Mitingde cumhurbaşkanı, siyasi parti liderleri, Diyanet İşleri Başkanı, ordu komutanları, yüksek yargı başkanları, sivil toplum örgütleri, sanatçılar ve diğer katılımcılarla mükemmel bir devlet millet kaynaşması yaşandı.
Devamlı olur inşallah.
***
Bu miting Türkiye’ye değil bütün dünyaya önemli mesajlar veriyordu.
Ben bugün sadece Türkiye’ye verilen mesajlardan birine temas etmek istiyorum.
Bu miting demokratik hayata geçtiğimiz günden bu yana milletin ordusuyla kaynaştığı kucaklaştığı ve bunu âleme ilan ettiği bir miting oldu.

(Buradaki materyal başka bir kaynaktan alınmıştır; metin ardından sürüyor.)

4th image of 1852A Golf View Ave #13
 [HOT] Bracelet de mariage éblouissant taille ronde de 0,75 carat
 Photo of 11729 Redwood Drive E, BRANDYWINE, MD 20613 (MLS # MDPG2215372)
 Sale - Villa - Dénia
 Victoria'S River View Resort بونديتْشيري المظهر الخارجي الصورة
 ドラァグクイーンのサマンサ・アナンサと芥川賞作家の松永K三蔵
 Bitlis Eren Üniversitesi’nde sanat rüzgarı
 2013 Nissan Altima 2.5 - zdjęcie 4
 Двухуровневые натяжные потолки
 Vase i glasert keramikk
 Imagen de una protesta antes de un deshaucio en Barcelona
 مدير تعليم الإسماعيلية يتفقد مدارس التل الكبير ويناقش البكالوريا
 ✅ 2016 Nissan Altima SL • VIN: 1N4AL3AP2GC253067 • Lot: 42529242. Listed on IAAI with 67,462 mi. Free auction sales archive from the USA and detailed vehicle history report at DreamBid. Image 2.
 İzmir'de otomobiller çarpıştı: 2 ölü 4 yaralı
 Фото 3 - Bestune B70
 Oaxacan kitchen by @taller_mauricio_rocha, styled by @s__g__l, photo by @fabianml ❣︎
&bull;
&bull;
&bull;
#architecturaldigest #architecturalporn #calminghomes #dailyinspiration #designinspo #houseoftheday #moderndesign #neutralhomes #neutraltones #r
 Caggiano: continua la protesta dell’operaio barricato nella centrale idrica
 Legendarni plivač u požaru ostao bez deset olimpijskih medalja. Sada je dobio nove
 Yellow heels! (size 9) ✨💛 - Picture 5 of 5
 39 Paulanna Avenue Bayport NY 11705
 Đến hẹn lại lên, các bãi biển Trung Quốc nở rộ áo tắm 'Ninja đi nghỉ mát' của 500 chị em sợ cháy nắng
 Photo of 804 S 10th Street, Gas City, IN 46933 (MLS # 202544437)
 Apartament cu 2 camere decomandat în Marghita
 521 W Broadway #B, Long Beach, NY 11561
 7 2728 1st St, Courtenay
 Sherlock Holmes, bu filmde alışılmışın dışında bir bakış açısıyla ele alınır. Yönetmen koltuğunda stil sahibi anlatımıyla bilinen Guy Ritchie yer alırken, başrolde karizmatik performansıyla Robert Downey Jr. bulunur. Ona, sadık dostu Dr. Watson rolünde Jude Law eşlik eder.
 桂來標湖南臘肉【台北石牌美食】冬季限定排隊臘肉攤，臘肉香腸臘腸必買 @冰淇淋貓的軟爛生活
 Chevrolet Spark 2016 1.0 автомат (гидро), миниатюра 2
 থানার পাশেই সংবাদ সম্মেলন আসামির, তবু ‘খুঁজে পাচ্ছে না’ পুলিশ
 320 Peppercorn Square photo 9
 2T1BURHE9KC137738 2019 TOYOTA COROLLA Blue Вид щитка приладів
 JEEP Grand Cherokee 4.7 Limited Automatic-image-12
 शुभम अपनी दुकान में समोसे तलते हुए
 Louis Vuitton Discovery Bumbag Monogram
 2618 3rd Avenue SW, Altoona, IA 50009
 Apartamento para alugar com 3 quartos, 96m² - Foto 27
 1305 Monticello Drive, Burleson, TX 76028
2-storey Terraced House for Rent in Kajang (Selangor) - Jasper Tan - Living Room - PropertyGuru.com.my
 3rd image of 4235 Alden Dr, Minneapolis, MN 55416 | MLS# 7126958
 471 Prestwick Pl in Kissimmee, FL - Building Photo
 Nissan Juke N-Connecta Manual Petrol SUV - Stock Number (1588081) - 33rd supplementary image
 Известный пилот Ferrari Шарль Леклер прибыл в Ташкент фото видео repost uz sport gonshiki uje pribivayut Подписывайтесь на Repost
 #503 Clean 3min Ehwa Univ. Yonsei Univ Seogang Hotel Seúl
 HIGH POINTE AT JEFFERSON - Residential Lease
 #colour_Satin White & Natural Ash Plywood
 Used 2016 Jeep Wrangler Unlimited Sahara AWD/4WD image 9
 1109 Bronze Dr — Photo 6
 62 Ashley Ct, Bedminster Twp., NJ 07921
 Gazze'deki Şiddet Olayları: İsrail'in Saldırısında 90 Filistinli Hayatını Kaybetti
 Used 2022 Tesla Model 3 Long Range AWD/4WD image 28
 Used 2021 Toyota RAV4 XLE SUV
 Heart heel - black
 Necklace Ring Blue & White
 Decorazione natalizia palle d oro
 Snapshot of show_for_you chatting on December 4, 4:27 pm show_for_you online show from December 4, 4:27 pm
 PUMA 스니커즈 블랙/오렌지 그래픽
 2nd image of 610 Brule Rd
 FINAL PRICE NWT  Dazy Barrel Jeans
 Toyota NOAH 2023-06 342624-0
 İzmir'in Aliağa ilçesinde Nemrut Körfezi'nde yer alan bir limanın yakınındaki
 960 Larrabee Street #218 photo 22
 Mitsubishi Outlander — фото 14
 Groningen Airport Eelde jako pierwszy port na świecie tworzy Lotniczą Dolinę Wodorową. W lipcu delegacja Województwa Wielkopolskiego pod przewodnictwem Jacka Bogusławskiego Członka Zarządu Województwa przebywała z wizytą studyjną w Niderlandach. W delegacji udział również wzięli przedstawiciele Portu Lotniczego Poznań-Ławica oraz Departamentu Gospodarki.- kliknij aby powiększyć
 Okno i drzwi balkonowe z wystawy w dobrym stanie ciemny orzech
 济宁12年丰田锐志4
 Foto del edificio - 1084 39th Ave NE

Dikkat ettiniz mi, konuşmacılar arasında cumhurbaşkanından sonra en yoğun tezahürat Genelkurmay Başkanı’na oldu.
Hemen hemen her cümlesi tezahüratla kesildi!
***
Millet ordusunu sever. Peygamber ocağı olarak görür. Asker milletiyle kucaklaşırsa, millet onu baş tacı eder, millete karşı tavır alırsa 15 Temmuz’da zirve yapan tepkiyi gösterir.
1960’da 1971’de 1980’de 1997’de 2007’de değerlerine karşı çıkan askere millet, tepkisini hep sandıkta göstermiş ve askerin istemediklerini işbaşına getirmiştir.
15 Temmuz’da ise şartlar olgunlaştığı için hain çeteye geçiş izni vermemiştir.
***
İşte Peygamber Ocağı bildiği kurumun başını, üniformasıyla huzurunda gören halk kaşsısındakinin kendisine ait olduğunu hissetmiş ve “En büyün asker bizim asker!” diyerek coşmuştur.
Asker yeter ki bizim olsun!
Çünkü demokrasi tarihimizde ilk kez bir Genelkurmay Başkanı seçilmişlerle birlikte halka hitap ediyordu.